ABOUT THIS EXERCISE:
Only the lines from the one with "Fuchsia Off The Shoulder Maxi Evening Gown" to the end of the data, both ends included, should be output, exactly as they stand and without pictures.

[Captioned web image data]
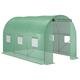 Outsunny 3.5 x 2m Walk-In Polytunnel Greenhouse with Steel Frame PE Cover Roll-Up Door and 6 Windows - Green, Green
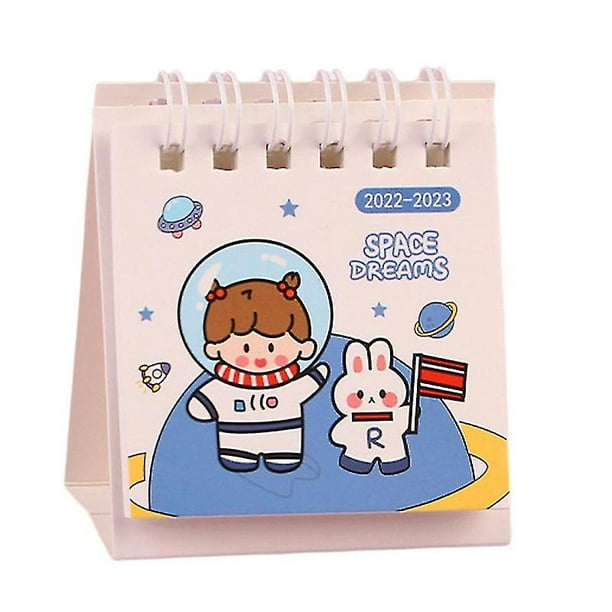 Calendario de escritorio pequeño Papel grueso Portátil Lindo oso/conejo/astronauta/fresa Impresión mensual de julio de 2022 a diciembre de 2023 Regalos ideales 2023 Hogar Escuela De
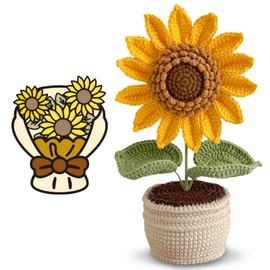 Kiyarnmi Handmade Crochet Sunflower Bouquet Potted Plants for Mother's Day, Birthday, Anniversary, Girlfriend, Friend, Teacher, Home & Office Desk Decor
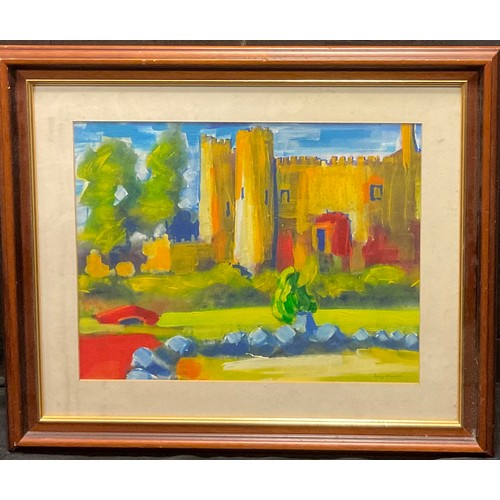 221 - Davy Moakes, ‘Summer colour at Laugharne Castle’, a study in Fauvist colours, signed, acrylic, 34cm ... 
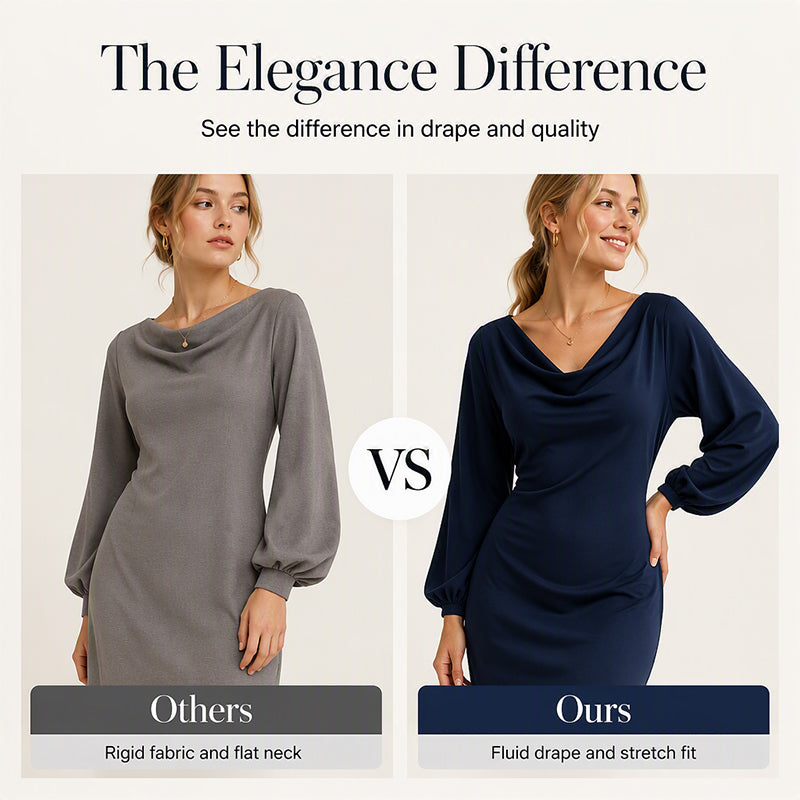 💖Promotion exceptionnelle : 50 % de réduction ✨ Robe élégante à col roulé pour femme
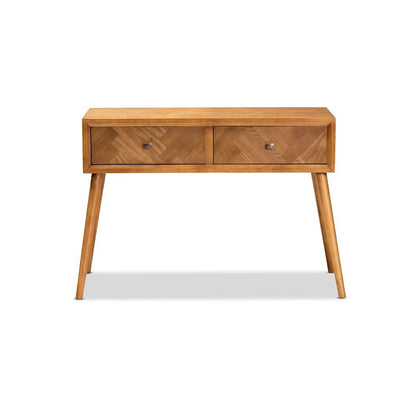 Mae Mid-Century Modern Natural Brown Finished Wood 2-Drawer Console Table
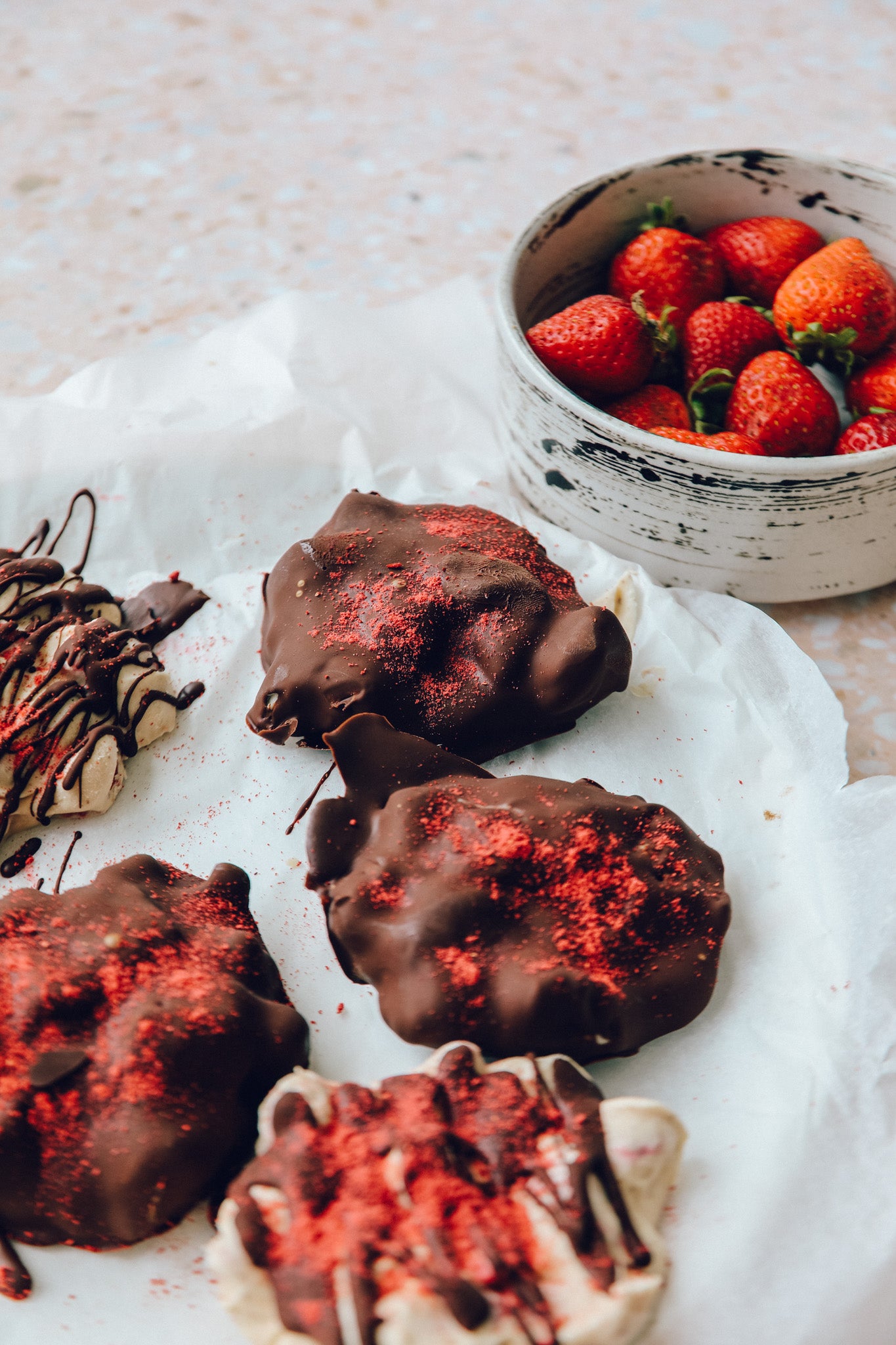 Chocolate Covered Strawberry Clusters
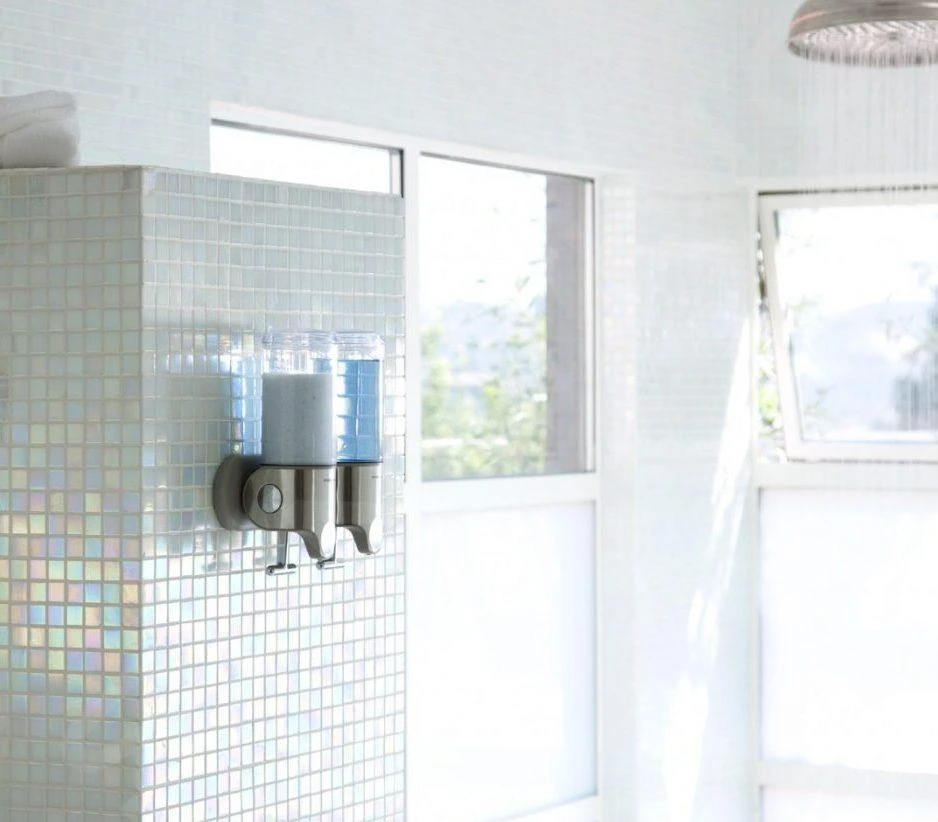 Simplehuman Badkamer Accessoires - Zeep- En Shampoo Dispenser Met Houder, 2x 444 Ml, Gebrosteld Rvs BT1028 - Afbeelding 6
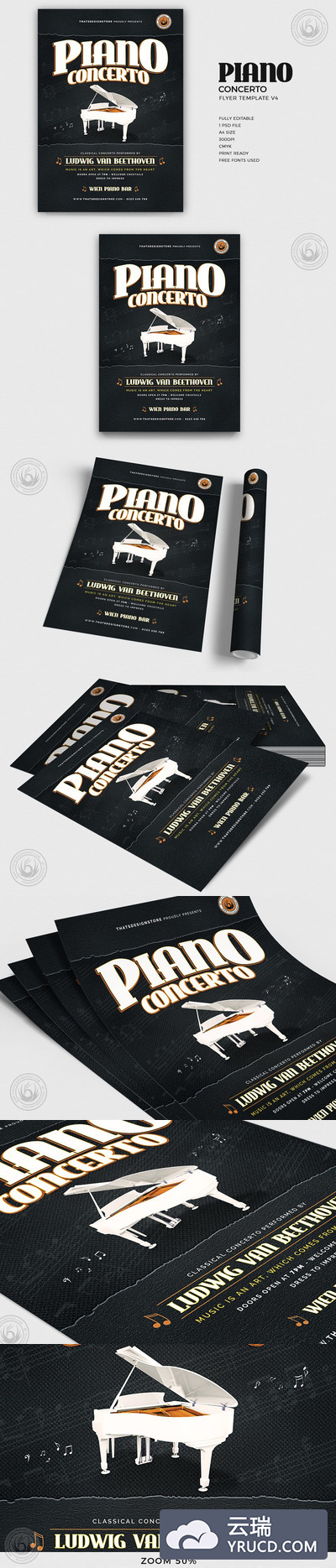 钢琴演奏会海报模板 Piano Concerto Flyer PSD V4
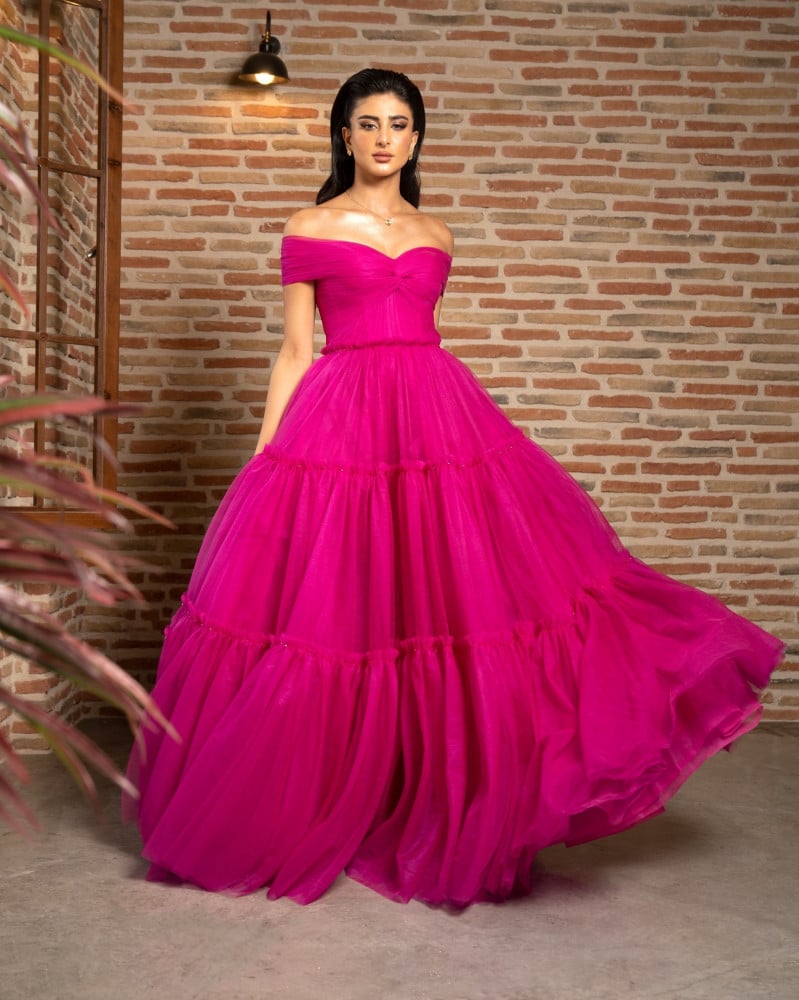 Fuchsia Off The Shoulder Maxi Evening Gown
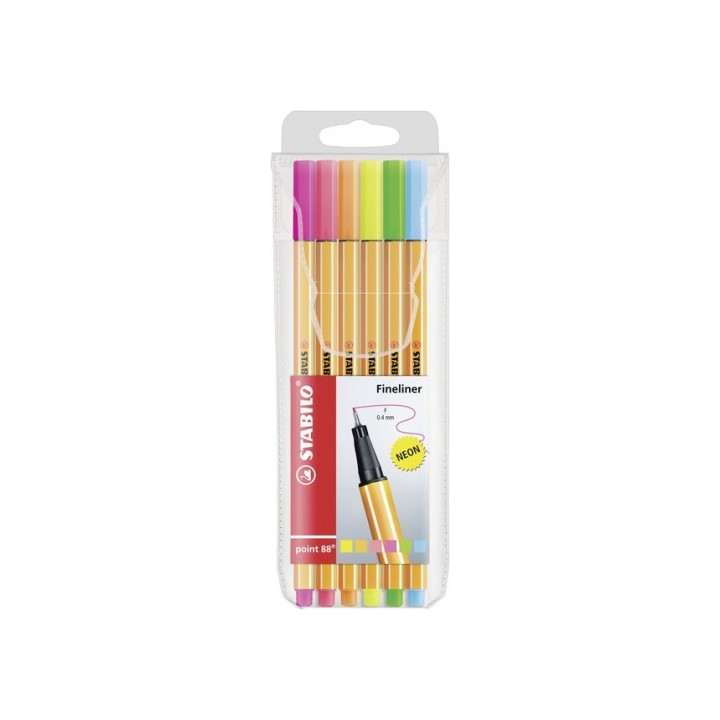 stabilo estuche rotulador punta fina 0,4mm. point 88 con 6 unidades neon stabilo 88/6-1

PROBLEM SOLUTION:
 Fuchsia Off The Shoulder Maxi Evening Gown
 stabilo estuche rotulador punta fina 0,4mm. point 88 con 6 unidades neon stabilo 88/6-1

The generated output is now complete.